Kegiatan tersebut diikuti para perbekel, ketua BPD, perangkat desa, dan paralegal dari sejumlah desa se-Kecamatan Baturiti. Sosialisasi ini difokuskan pada peningkatan kapasitas aparatur desa dalam memberikan layanan bantuan hukum, khususnya untuk penyelesaian persoalan non-litigasi atau di luar pengadilan.

Materi yang disampaikan meliputi dasar hukum bantuan hukum, ruang lingkup kewenangan paralegal, hingga teknik mediasi dan pendampingan masyarakat. Penguatan ini dinilai penting agar Posbankum benar-benar berfungsi sebagai garda terdepan pelayanan hukum di tingkat desa.

Kepala Bagian Hukum Setda Tabanan, Sagung Ari Yuliana, mengatakan Posbankum harus menjadi sarana yang efektif dan mudah diakses masyarakat.

“Kami ingin memastikan paralegal desa memiliki pemahaman yang memadai dalam mendampingi masyarakat. Posbankum harus benar-benar berfungsi dan dapat diakses warga yang membutuhkan,” ujarnya, Rabu (11/2).

Menurutnya, paralegal memiliki peran strategis sebagai penghubung antara masyarakat dengan sistem hukum, terutama dalam penyelesaian persoalan secara non-litigasi.
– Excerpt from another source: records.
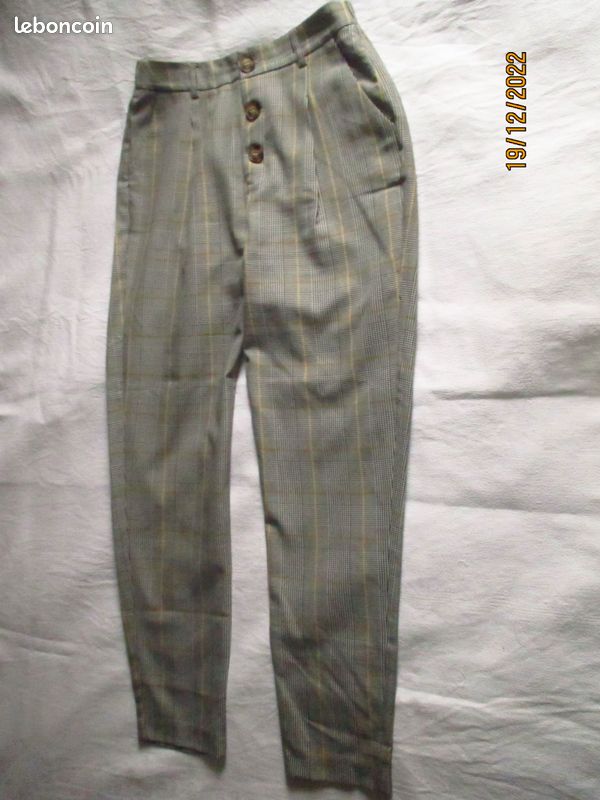 ELEGANT PANTALON DROIT à motifs PRINCE DE GALLES T.38 NEUF (image 5)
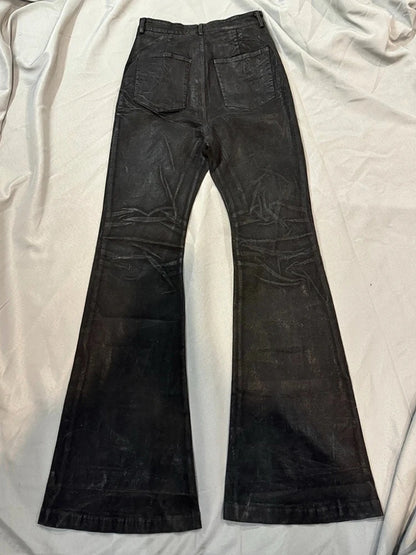 Handmade Bootcut Jeans Men's High Street Style Heavyweight Wax Coated Black Leather Bootcut Jeans Casual Wear Autumn Season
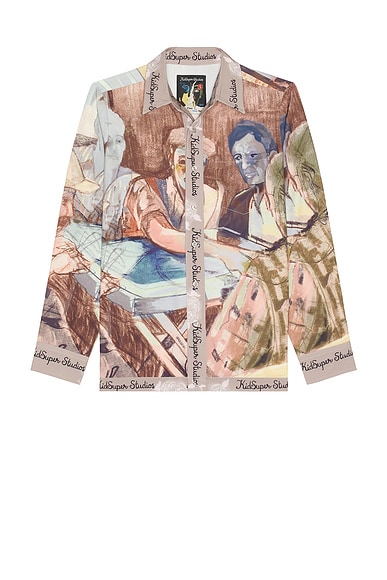 KidSuper Dominos Printed Button Up Shirt in Multi
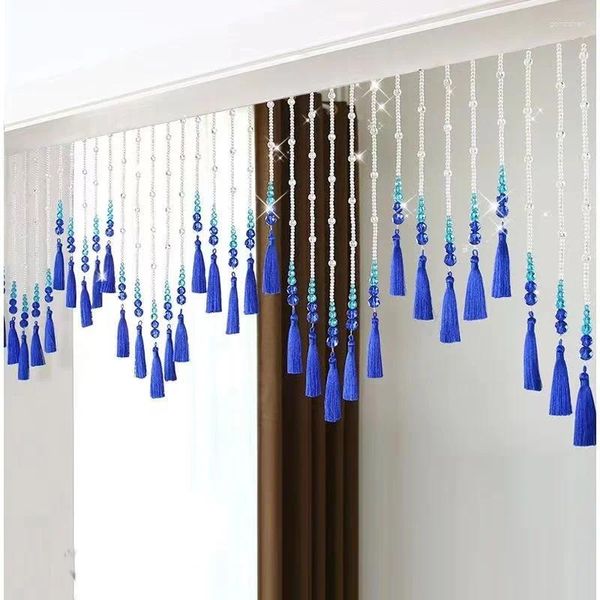 Dekorative Figuren Punch Free Style Perlenvorhang Blau Quasten Kristall Trennzeichen Wohnzimmer Dekoration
Dengan pembekalan yang tepat, paralegal diharapkan mampu memberikan edukasi hukum sekaligus mendampingi warga sesuai ketentuan yang berlaku.

Dalam kegiatan tersebut juga dibahas perlindungan terhadap kelompok rentan, seperti perempuan, anak, dan penyandang disabilitas. Peserta dibekali pemahaman mengenai pendekatan yang humanis dan komunikatif dalam menangani kasus yang melibatkan kelompok tersebut.

Sesi diskusi turut mengemuka berbagai persoalan yang kerap dihadapi di lapangan, seperti perkawinan dini, perceraian tanpa putusan pengadilan, hingga sengketa waris. Berbagai kendala tersebut menjadi bahan evaluasi untuk memperkuat peran Posbankum di desa.

Untuk mendukung optimalisasi layanan, Bagian Hukum Setda Tabanan juga mendorong sinergi dengan Kantor Wilayah Kementerian Hukum Bali dan Organisasi Bantuan Hukum (OBH) guna memperkuat pendampingan serta pembinaan bagi paralegal desa.